Problem statement: Write out only the lines from the top of the listing below through the one with "Mitosis is the", exactly as they stand, while keeping pictures out of the copy.

Given records:
╭──

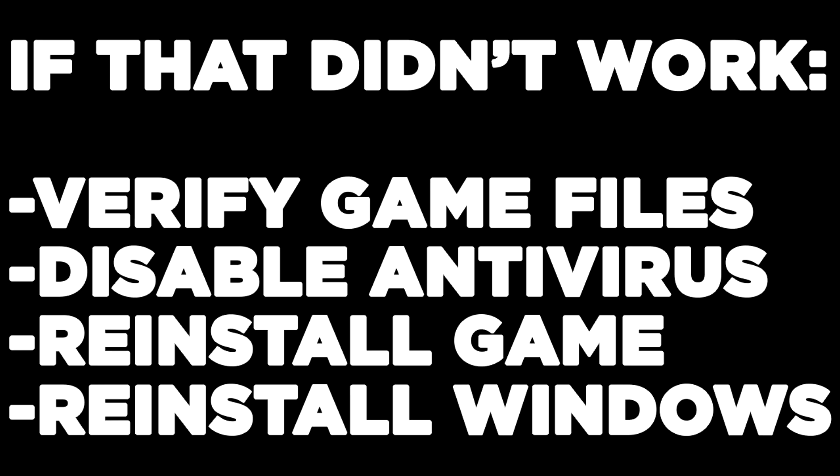If that didn't work, Verify Game Files, Disable Antivirus, Reinstall Game, or Reinstall Windows. Problem solved. Like and Subscribe.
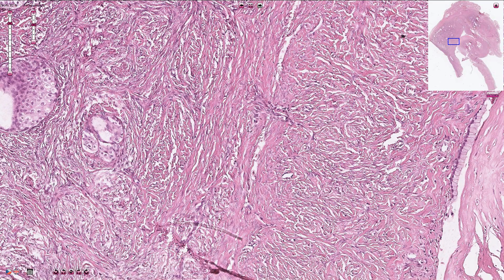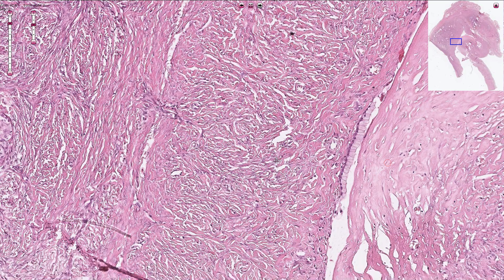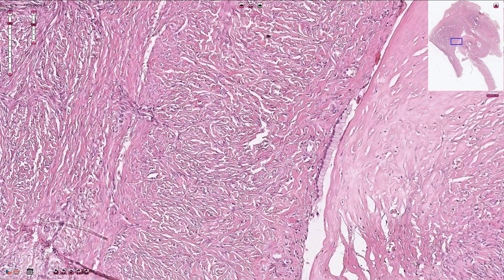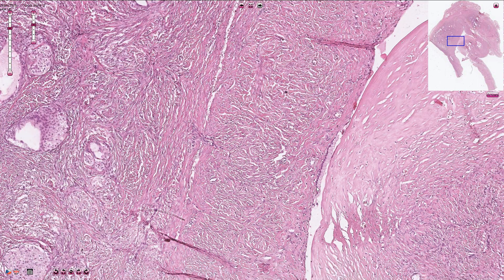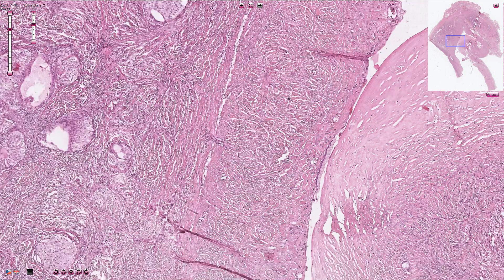This is the typical appearance of the benign Brenner tumor of the ovary. We also see a cystic structure lined by bland mucinous epithelium with basally located uniform nuclei and mucin content in the apical part of the cytoplasm. So this Brenner tumor is associated with a mucinous cystadenoma, which is not uncommon. Thanks for watching!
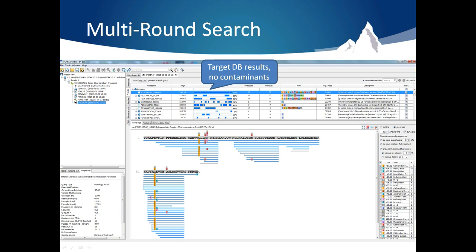Another good benefit of Multi-Round Search is limiting your search space. By filtering out identified spectra, you can limit your search space in order to identify difficult targets. For example, you can identify endogenous peptides in a digested sample. First, run a search using the enzyme you used to digest the sample, then run a Multi-Round Search with no enzyme to find endogenous peptides.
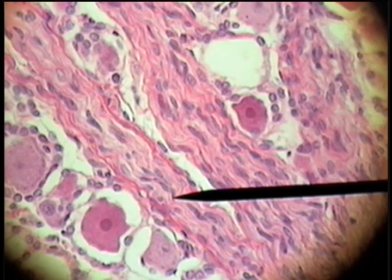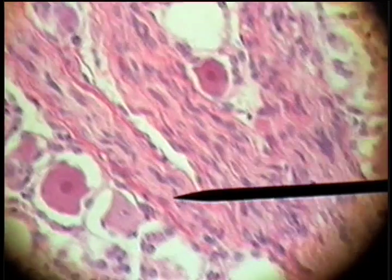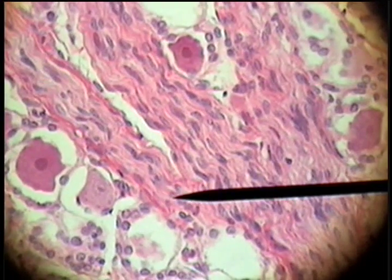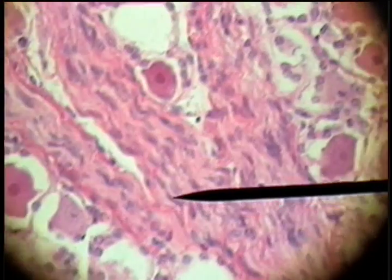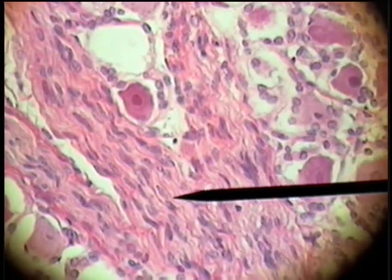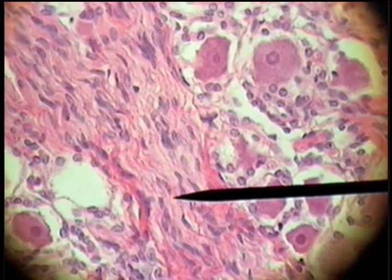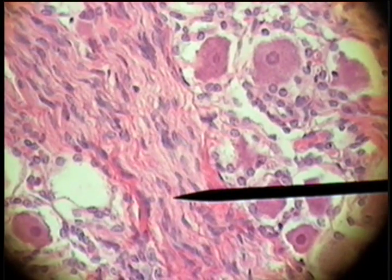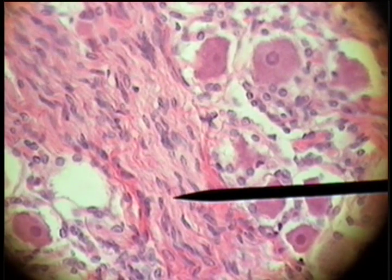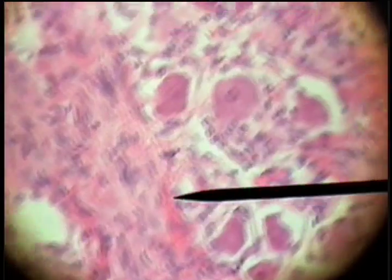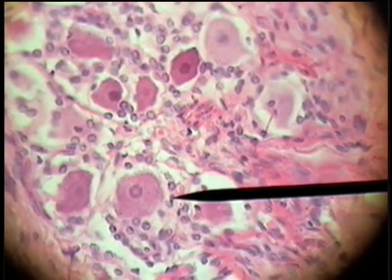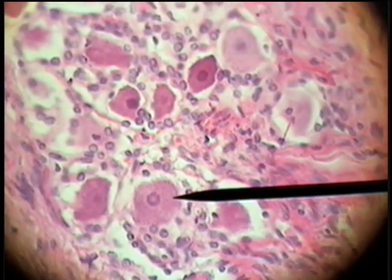The processes that enter and leave the dorsal root ganglia are these wavy longitudinal fibers. These are nerve fibers of the dorsal root ganglion coming and going from these owl eye cells.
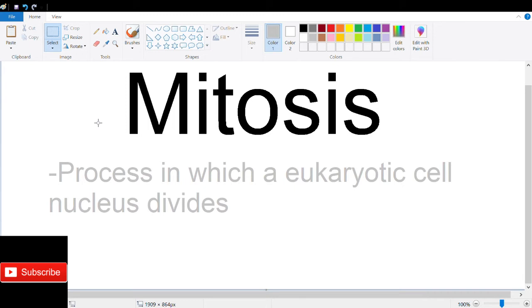Mitosis is the process where the nucleus divides in a eukaryotic cell. Note that mitosis is different from meiosis, where mitosis occurs in somatic cells, whereas meiosis occurs in germ cells.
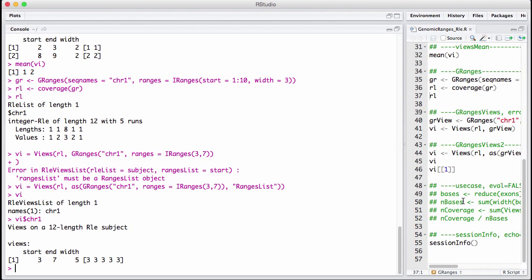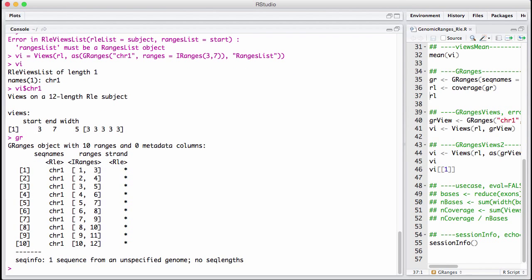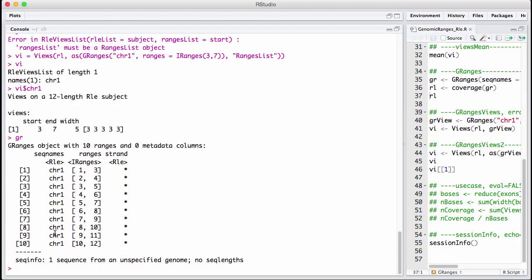So now we have learned about run length encoded vectors. We have learned that we can have them both on the integers, but we also can have them on the genome. We don't just need to have run length encoding of integers. We can have run length encoding of logicals or even characters. If you look at a G range, you can see that the seek names or the chromosome names are run length encoded vectors because we often have all the ranges in chromosome 1 next to each other. We have learned about how to compute on them using aggregate and views. We have learned how to convert a G range into a RLE by coverage. And we have learned we can slice off the coverage.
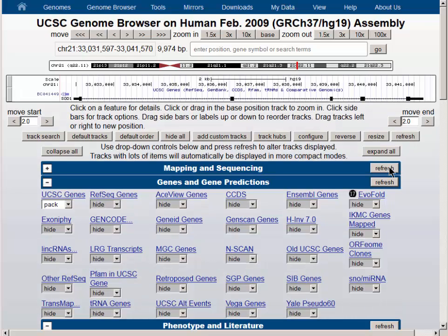The refresh button will turn on the UCSC Genes Track at the default location. This is the SOD1 gene, and it is easy to see that there are five exons in this gene.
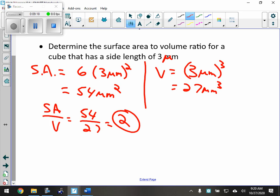Is that good or bad? That's not really the point. I guess it depends on what kind of cell you're talking about. The point is, now that I have this number, I could compare it to some other cells and decide which one is the best. You wouldn't put units on the ratio — it's just the ratio.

╰──

Output of the exercise:
If that didn't work, Verify Game Files, Disable Antivirus, Reinstall Game, or Reinstall Windows. Problem solved. Like and Subscribe.
This is the typical appearance of the benign Brenner tumor of the ovary. We also see a cystic structure lined by bland mucinous epithelium with basally located uniform nuclei and mucin content in the apical part of the cytoplasm. So this Brenner tumor is associated with a mucinous cystadenoma, which is not uncommon. Thanks for watching!
Another good benefit of Multi-Round Search is limiting your search space. By filtering out identified spectra, you can limit your search space in order to identify difficult targets. For example, you can identify endogenous peptides in a digested sample. First, run a search using the enzyme you used to digest the sample, then run a Multi-Round Search with no enzyme to find endogenous peptides.
The processes that enter and leave the dorsal root ganglia are these wavy longitudinal fibers. These are nerve fibers of the dorsal root ganglion coming and going from these owl eye cells.
Mitosis is the process where the nucleus divides in a eukaryotic cell. Note that mitosis is different from meiosis, where mitosis occurs in somatic cells, whereas meiosis occurs in germ cells.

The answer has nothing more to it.